My prayers go out to the Martin family (parents of Trayvon Martin) and all those parents of US Service men and women, and those whose children left us too soon. I’m also a parent who lost a child too soon, and as many of us state, it’s unnatural. And no matter how much time has passed, it still hurts wondering what your child may have become or contributed to the world.
Today is Father’s Day. And while both the novel and the movie of Kathryn Stockett’s blockbuster, controversial creation attempted to rehibilitate the southern white males who practiced segregation (like the overseas marketing which labeled Stuart Whitworth as a “Handsome, Good Ole’ Boy” and Johnny Foote as a “Southern Gentleman.” See the screenshots below). The black males in the book or movie were not afforded such superlatives on screen, in the book or in the marketing of either. In short, the black male was thrown under the bus, much like white females were.
Click the image for a larger view:
Unfortunately, for a book and a movie that wanted to show the races weren’t that different, both vehicles did much to show we really are different, and not in a good way or with non-offensive humor in my opinion.
This post is going to be short.

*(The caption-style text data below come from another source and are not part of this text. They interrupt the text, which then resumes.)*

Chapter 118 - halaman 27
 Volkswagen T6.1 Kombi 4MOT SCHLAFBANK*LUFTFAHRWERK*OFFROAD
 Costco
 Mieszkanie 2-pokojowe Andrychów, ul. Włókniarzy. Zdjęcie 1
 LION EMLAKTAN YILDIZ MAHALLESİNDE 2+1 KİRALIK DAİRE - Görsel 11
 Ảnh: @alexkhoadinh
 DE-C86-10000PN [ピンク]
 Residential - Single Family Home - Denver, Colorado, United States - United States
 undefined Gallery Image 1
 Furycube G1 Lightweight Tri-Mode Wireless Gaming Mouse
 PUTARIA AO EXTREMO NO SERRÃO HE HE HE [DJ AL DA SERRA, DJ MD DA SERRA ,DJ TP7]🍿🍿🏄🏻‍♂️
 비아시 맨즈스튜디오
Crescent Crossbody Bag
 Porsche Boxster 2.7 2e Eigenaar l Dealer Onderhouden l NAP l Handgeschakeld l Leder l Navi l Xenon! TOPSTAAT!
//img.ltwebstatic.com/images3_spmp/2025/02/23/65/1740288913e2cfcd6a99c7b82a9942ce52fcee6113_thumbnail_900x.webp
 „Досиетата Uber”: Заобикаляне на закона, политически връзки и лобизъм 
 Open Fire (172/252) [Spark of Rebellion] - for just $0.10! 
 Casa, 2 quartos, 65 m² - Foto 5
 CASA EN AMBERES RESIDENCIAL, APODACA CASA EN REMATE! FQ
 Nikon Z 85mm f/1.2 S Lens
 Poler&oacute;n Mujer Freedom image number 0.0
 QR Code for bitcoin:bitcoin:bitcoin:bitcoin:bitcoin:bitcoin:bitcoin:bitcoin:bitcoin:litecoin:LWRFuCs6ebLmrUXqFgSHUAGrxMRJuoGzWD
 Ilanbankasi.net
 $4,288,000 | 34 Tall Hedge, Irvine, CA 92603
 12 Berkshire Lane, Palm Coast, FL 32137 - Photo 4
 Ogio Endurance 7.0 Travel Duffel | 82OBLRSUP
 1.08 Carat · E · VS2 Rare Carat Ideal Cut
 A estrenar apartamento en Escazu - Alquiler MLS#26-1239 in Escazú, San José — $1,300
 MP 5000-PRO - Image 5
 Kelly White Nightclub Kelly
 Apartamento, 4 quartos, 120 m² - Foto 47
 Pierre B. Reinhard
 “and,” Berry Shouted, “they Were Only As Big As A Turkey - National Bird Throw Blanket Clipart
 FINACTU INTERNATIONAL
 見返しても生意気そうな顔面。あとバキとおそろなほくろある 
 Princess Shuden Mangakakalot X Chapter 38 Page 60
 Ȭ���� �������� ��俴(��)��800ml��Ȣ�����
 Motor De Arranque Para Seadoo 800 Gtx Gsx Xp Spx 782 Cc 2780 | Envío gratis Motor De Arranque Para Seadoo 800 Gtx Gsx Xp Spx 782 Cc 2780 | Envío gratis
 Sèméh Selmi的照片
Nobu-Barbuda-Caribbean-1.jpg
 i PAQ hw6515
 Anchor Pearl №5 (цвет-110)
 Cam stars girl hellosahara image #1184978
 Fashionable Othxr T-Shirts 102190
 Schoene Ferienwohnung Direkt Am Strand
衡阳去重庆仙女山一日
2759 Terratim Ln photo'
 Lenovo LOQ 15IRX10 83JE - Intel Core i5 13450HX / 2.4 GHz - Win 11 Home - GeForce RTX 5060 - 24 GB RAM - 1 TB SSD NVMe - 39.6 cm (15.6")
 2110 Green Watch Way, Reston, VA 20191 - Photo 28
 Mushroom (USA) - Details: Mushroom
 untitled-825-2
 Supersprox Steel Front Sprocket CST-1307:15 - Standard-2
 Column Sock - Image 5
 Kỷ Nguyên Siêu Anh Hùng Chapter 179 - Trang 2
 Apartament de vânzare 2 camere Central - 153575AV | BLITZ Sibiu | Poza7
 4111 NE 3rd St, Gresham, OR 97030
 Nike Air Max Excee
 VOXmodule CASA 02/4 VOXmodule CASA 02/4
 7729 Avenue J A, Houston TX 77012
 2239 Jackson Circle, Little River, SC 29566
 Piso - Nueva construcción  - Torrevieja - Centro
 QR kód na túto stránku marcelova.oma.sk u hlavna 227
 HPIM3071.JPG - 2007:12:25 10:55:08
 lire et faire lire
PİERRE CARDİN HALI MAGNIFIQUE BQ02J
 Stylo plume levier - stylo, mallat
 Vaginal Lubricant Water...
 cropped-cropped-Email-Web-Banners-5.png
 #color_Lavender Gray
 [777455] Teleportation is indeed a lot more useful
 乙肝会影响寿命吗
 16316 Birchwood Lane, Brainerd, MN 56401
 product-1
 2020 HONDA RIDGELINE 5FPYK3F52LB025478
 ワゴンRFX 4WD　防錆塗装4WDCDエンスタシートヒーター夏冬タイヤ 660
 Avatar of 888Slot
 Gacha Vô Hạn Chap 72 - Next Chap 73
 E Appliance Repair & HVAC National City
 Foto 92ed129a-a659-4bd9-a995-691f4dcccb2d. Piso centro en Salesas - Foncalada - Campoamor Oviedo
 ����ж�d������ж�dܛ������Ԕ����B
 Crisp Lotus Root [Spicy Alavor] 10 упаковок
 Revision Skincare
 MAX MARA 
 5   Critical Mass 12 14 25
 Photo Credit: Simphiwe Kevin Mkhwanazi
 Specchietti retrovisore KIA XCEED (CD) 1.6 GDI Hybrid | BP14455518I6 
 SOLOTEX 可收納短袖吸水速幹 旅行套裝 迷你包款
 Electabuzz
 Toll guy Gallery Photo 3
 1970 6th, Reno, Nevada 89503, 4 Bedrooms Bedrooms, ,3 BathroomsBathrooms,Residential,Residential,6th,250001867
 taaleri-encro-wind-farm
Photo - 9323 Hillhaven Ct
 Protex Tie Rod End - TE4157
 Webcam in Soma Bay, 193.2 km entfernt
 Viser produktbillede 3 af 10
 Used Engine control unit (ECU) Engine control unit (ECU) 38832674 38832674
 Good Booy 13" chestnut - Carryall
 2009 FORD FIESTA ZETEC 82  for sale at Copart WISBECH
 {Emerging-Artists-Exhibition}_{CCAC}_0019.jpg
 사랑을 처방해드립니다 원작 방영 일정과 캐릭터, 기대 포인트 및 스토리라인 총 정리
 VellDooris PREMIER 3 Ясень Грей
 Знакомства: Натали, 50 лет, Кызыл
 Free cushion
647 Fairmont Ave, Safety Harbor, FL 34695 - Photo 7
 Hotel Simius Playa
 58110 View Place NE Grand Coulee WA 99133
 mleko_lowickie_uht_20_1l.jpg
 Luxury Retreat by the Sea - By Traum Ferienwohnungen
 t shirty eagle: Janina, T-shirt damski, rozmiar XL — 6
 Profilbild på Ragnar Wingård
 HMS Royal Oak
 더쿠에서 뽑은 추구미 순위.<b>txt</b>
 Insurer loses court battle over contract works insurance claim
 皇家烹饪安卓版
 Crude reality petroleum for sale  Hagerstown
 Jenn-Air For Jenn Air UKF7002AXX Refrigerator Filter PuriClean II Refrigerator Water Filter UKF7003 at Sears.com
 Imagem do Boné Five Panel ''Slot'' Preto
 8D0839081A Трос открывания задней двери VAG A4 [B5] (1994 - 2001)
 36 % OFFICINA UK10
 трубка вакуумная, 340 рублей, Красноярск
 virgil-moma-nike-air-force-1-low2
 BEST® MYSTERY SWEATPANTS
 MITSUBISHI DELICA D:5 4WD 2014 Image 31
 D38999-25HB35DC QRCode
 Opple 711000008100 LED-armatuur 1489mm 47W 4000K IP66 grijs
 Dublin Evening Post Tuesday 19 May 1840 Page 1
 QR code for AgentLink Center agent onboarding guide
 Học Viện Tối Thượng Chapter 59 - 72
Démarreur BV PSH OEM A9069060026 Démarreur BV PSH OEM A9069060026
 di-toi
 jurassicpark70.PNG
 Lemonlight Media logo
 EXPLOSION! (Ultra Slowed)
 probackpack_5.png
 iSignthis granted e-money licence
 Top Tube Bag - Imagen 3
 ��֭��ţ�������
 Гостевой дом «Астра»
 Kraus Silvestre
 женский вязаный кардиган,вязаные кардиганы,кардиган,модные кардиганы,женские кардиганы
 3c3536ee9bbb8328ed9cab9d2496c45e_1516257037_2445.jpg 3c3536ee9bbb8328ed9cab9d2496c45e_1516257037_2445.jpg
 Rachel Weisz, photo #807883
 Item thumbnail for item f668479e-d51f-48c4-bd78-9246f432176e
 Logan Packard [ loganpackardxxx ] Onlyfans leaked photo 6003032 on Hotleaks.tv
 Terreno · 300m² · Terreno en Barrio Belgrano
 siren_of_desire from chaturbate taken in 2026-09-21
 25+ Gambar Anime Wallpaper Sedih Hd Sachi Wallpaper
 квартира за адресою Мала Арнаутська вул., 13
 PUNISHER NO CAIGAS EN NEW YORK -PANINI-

And it’s a shout out to all males, no matter what race or ethnicity. The fathers of the world, the ones who act like men and provide for their families and take the time to love their children and cherish their wives, significant others and mothers. Guys, you deserve a day like today.
But there was a time not so long ago that African American males weren’t afforded that sort of respect. They were ridiculed, imitated and forced to bow and grovel, in essence to act like they weren’t men all because of bigotry and hatred.
This post is for my dad, six feet tall with smooth, mahogany brown skin and a killer smile. Worked as an automaker, was a husband, a father, a veteran, an avid college football and Pro-football fan.
He wasn’t a “no-account” and he wasn’t an absentee father.
Unlike how the fathers in The Help are portrayed, the black males like Leroy, Connor, Clyde and Minny’s unnamed father I’ve had the pleasure of knowing black men who are fathers and damn good at it.
So unlike the slurs in the book, where Kathryn Stockett in “Blackface” has her characters state:
Plenty of black men leave their families behind like trash in a dump, but it’s just not something the colored woman do. We’ve got kids to think about. (Minny, Pg 311)
We start calling his daddy Crisco cause you can’t fancy up a man done run off on his family. Plus he the greasiest no-count you ever known. (Aibileen, Pg 5)
But with my sister’s heart problem and my no good drunk daddy, it was up to me and Mama. (Minny, Pg 38)
“She’s been with your mama a few years. That’s when she met the father, Connor. He worked on your farm, lived back there in the Hotstack. . . . We was all surprised Constantine would go and . . . get herself in the family way. Some folks at church wasn’t so kind about it, especially when the baby come out white. Even though the father was black as me” (Aibileen, telling Skeeter about Connor, the male who impregnated and left Constantine Pg 358 )
Take a moment to realize what black males had to go through during segregation. Then ask yourself, if Stockett had written this about the males of your culture, how many of you would endorse, celebrate and love this novel or the film version?
There were also the demeaning interpretations of how black males looked and behaved. And they were expected to emulate this, to the delight of white audiences.